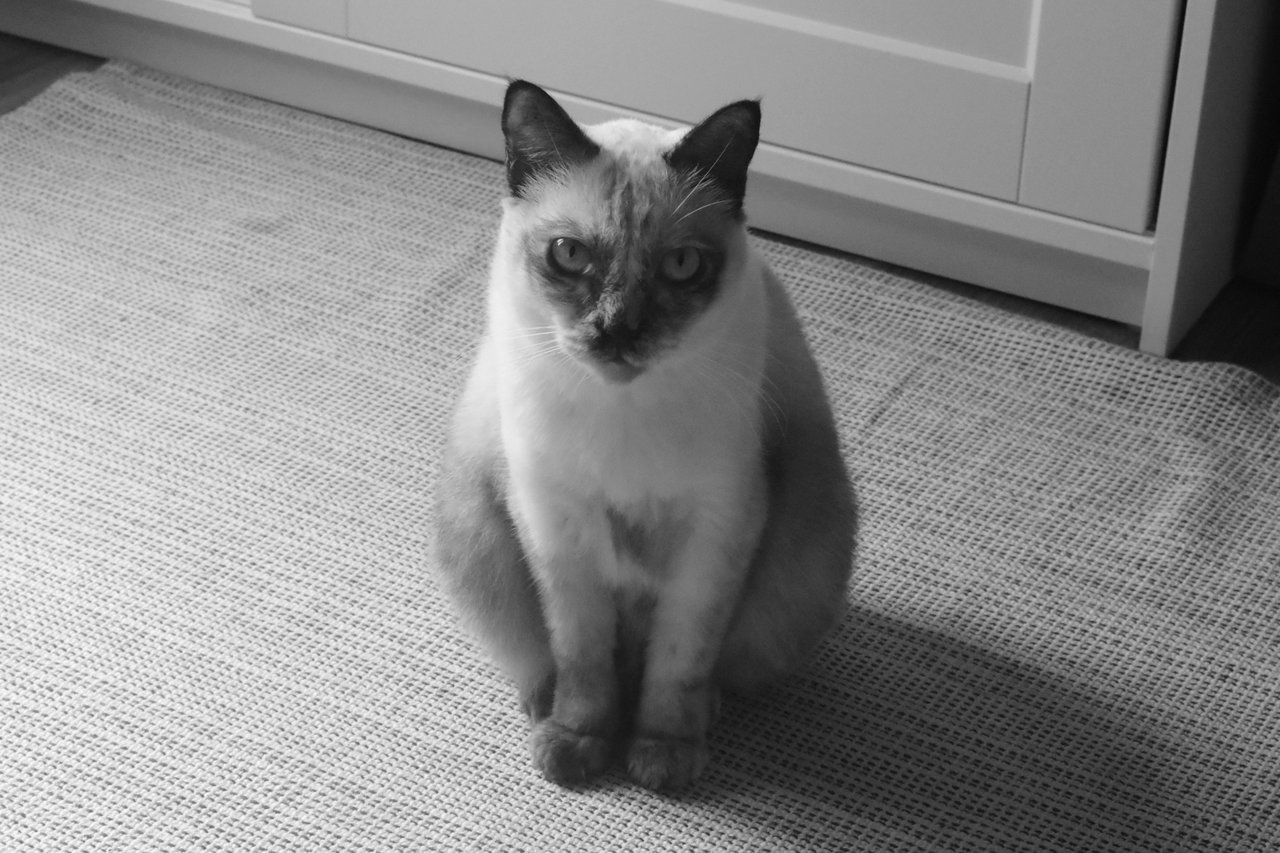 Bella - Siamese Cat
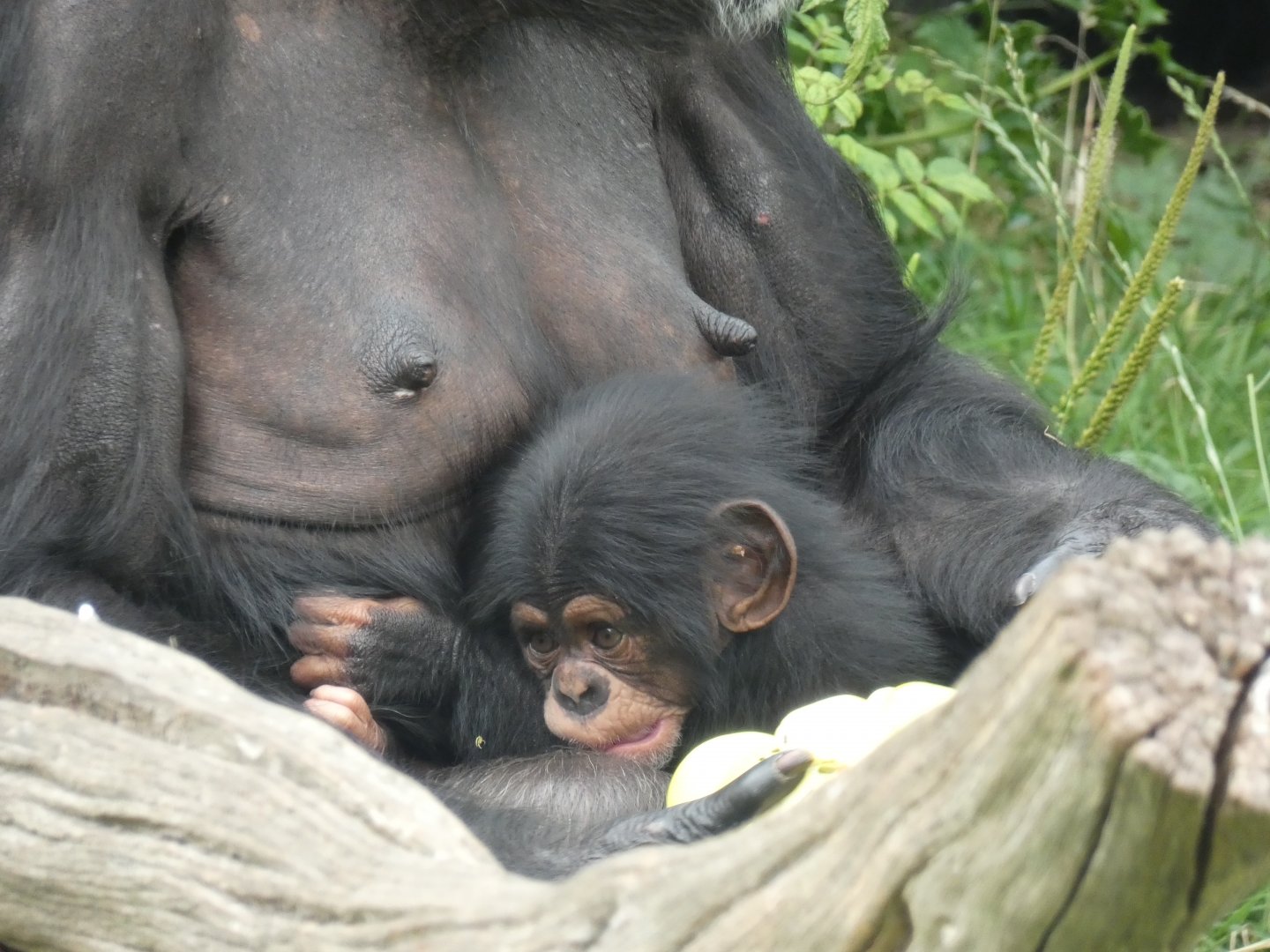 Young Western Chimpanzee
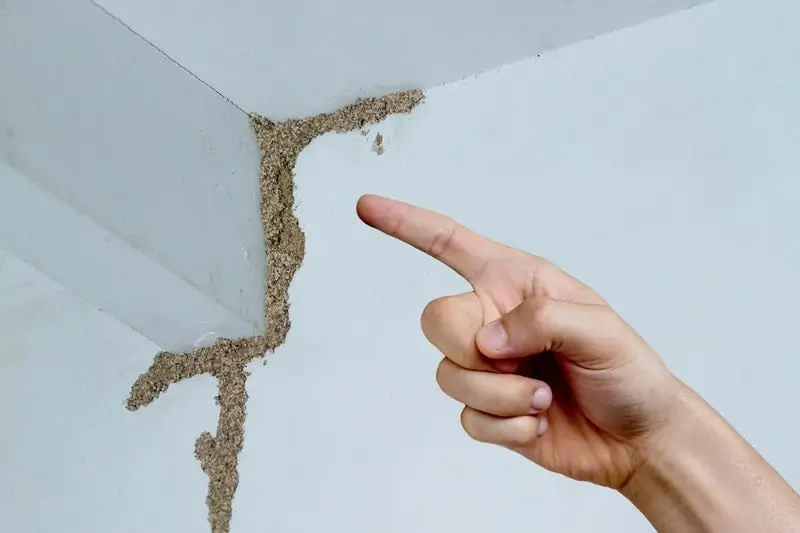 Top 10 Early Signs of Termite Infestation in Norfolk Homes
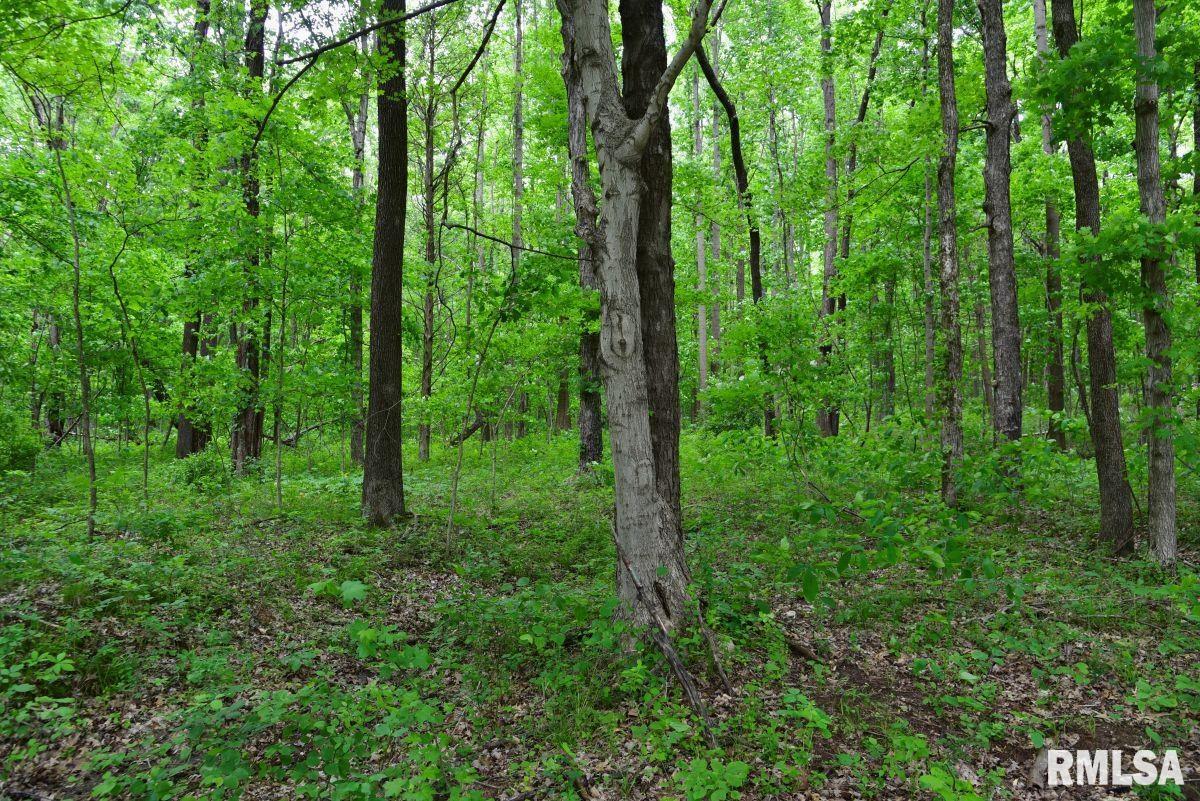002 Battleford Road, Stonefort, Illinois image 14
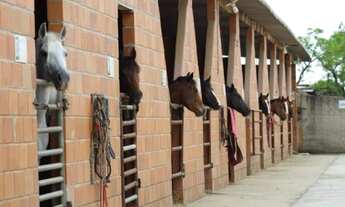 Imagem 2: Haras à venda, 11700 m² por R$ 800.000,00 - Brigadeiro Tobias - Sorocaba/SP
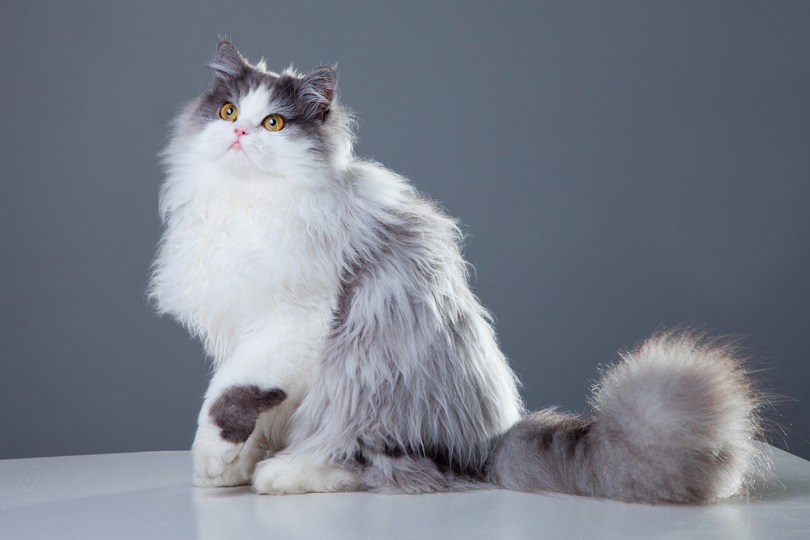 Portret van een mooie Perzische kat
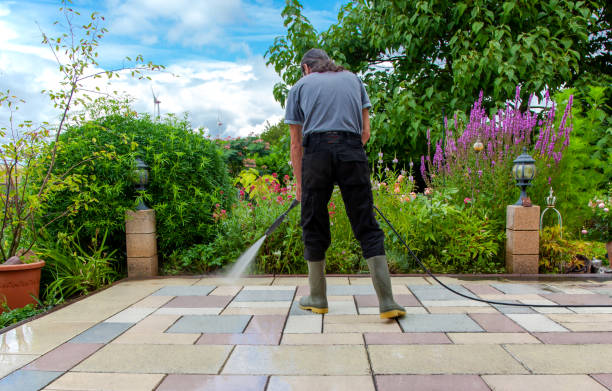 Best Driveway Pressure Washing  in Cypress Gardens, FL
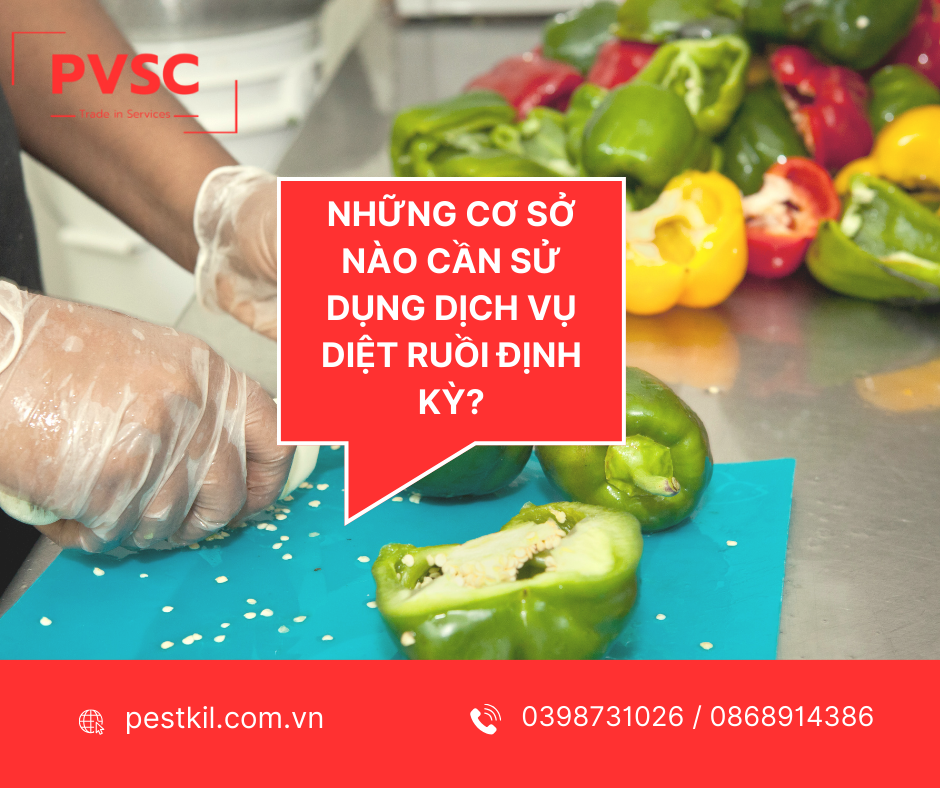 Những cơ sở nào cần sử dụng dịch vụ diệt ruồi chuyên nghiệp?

• • • •

Required action
In the records above, find the line containing "Imagem 2: Haras" and restate it and every line after it word for word, all pictures excluded.

Output for this task
 Imagem 2: Haras à venda, 11700 m² por R$ 800.000,00 - Brigadeiro Tobias - Sorocaba/SP
 Portret van een mooie Perzische kat
 Best Driveway Pressure Washing  in Cypress Gardens, FL
 Những cơ sở nào cần sử dụng dịch vụ diệt ruồi chuyên nghiệp?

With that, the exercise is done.